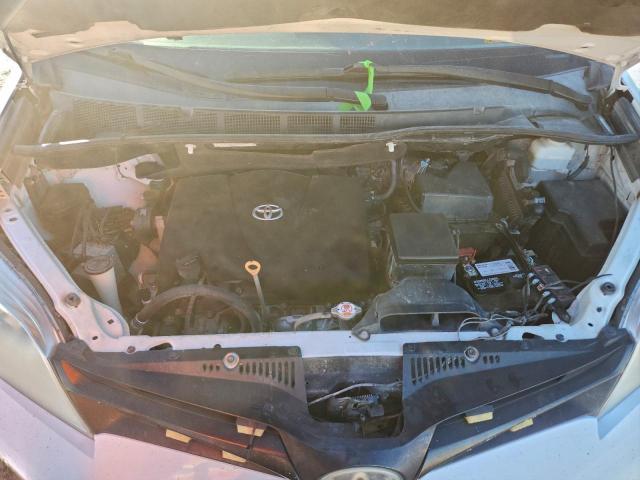 Toyota Sienna L Image 6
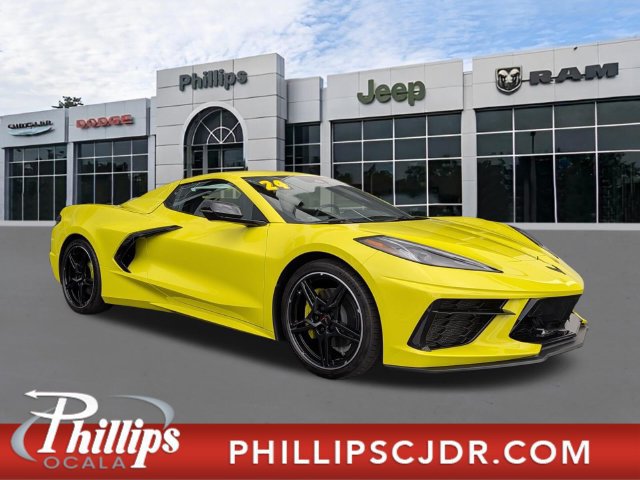 Used 2024 Chevrolet Corvette Stingray Convertible RWD image 1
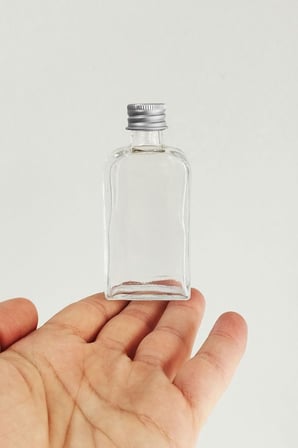 40 ml Kolonya Tıpalı ve Metal Kapaklı Hediyelik Yassı Kolonya Şişesi 40 Cc Nişan, Düğün Cam Şişe 50 Adet (40 ml Yassı, Gümüş Kapak (Silver))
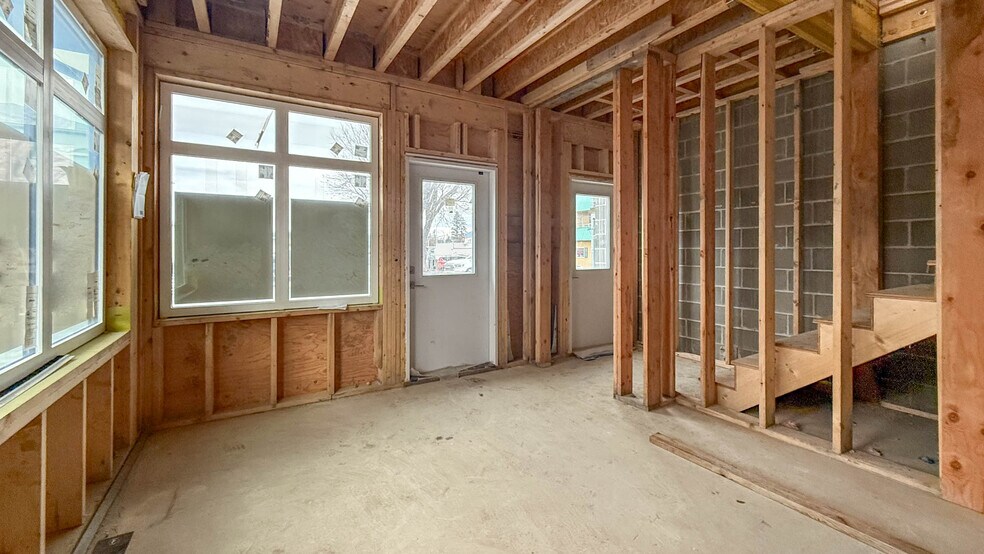 More Photos Of 704 Cliff St, Enderby Office For Lease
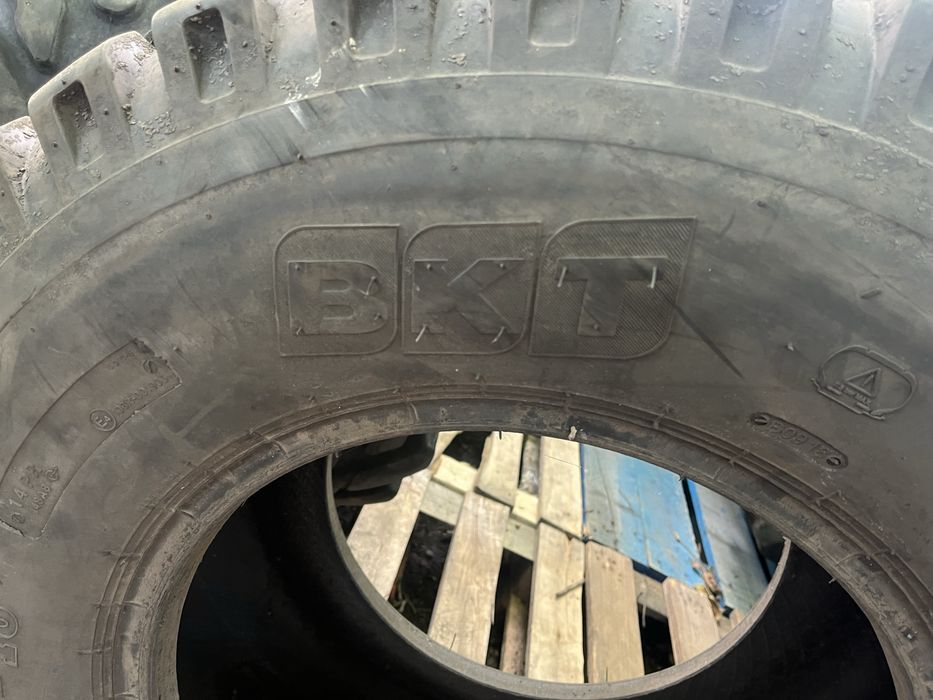 Шины 15.0/70 R18 BKT (делаем скидку на доставке)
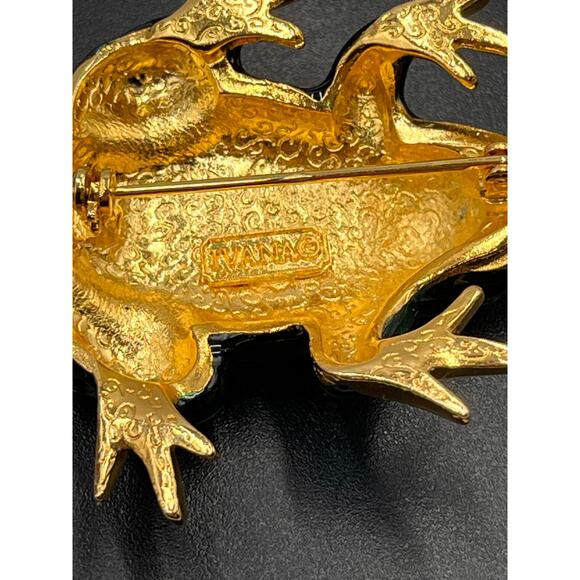 Ivana Trump Vintage Signed Green Enamel Rhinestone Eyes Gold Tone Brooch - Picture 7 of 8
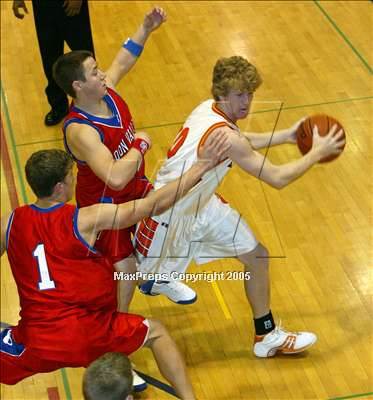 Thumbnail 3 in Corona del Sol vs. Moon Valley (McClintock Holiday Shoot-Out) photogallery.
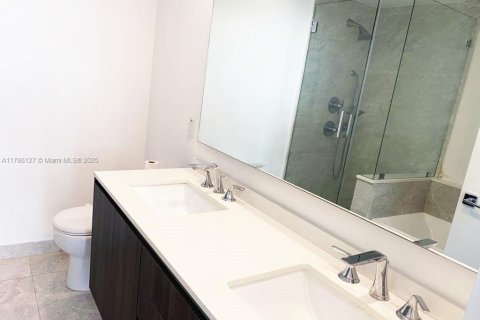 Condo in Miami, Florida, 2 bedrooms  № 2019317 - photo 9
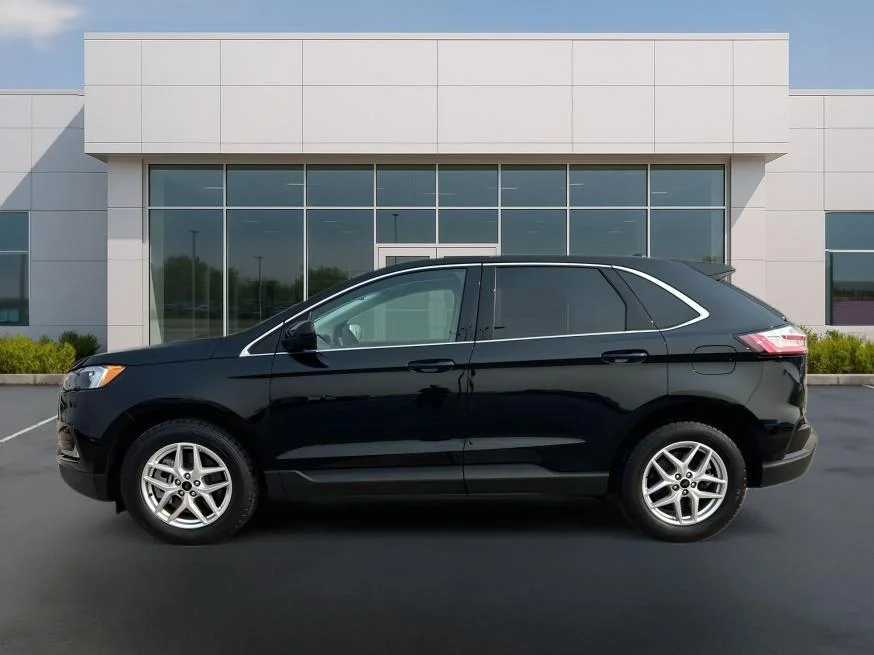 Used 2023 Agate Black Metallic Ford SEL image 5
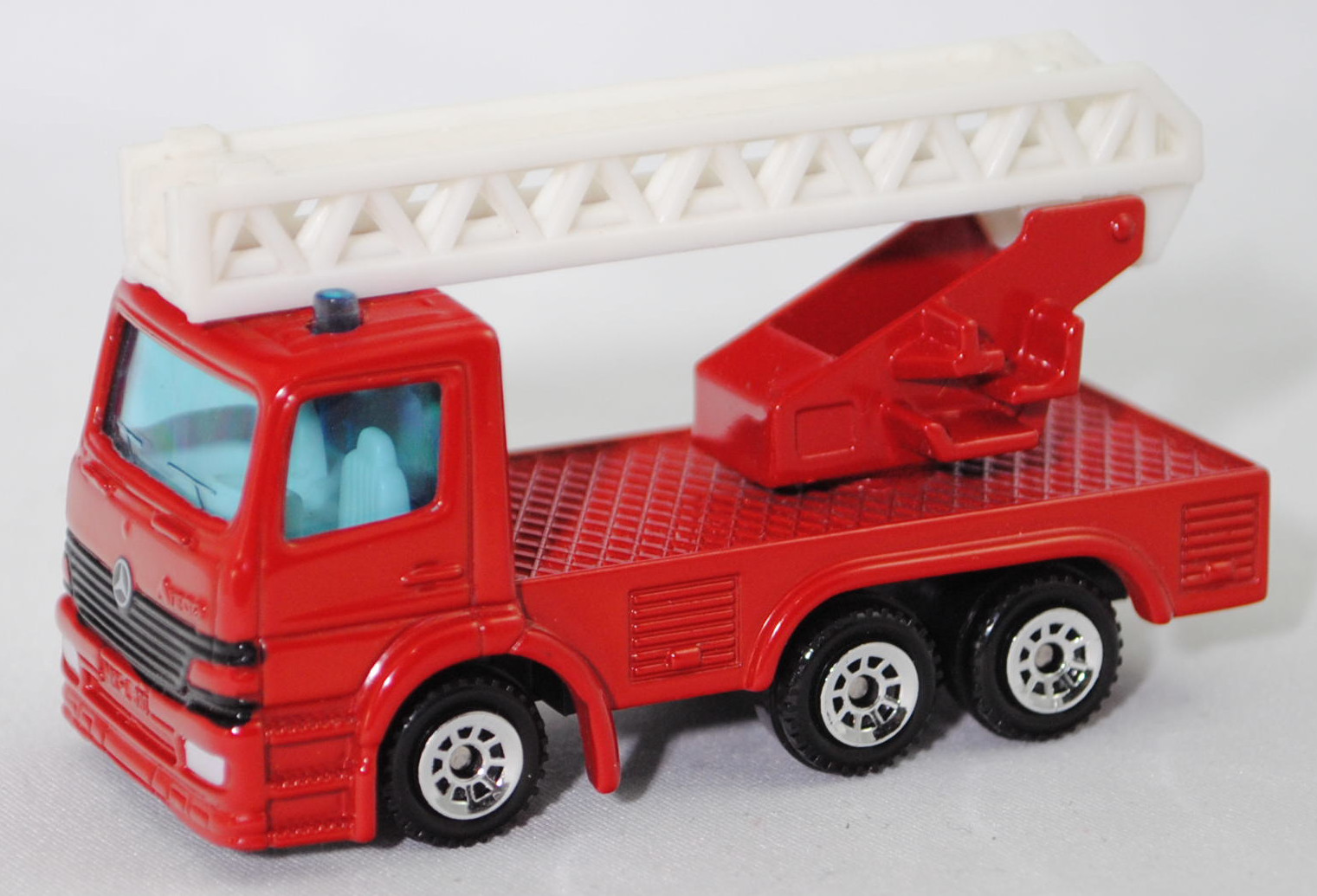 00003 Metz Hubrettungsfahrzeug DL 23-12 S auf Fahrgestell Mercedes-Benz Atego (Modell 1998-2004) (Feuerwehr-Drehleiter), signalrot, Leiter reinweiß, C1 chrom, SIKU SUPER, 1:80, m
_ _ _ _
PROMPT:
Please set the records down again exactly as written. The pictures should not be included.

EXERCISE OUTPUT:
 Toyota Sienna L Image 6
 Used 2024 Chevrolet Corvette Stingray Convertible RWD image 1
 40 ml Kolonya Tıpalı ve Metal Kapaklı Hediyelik Yassı Kolonya Şişesi 40 Cc Nişan, Düğün Cam Şişe 50 Adet (40 ml Yassı, Gümüş Kapak (Silver))
 More Photos Of 704 Cliff St, Enderby Office For Lease
 Шины 15.0/70 R18 BKT (делаем скидку на доставке)
 Ivana Trump Vintage Signed Green Enamel Rhinestone Eyes Gold Tone Brooch - Picture 7 of 8
 Thumbnail 3 in Corona del Sol vs. Moon Valley (McClintock Holiday Shoot-Out) photogallery.
 Condo in Miami, Florida, 2 bedrooms  № 2019317 - photo 9
 Used 2023 Agate Black Metallic Ford SEL image 5
 00003 Metz Hubrettungsfahrzeug DL 23-12 S auf Fahrgestell Mercedes-Benz Atego (Modell 1998-2004) (Feuerwehr-Drehleiter), signalrot, Leiter reinweiß, C1 chrom, SIKU SUPER, 1:80, m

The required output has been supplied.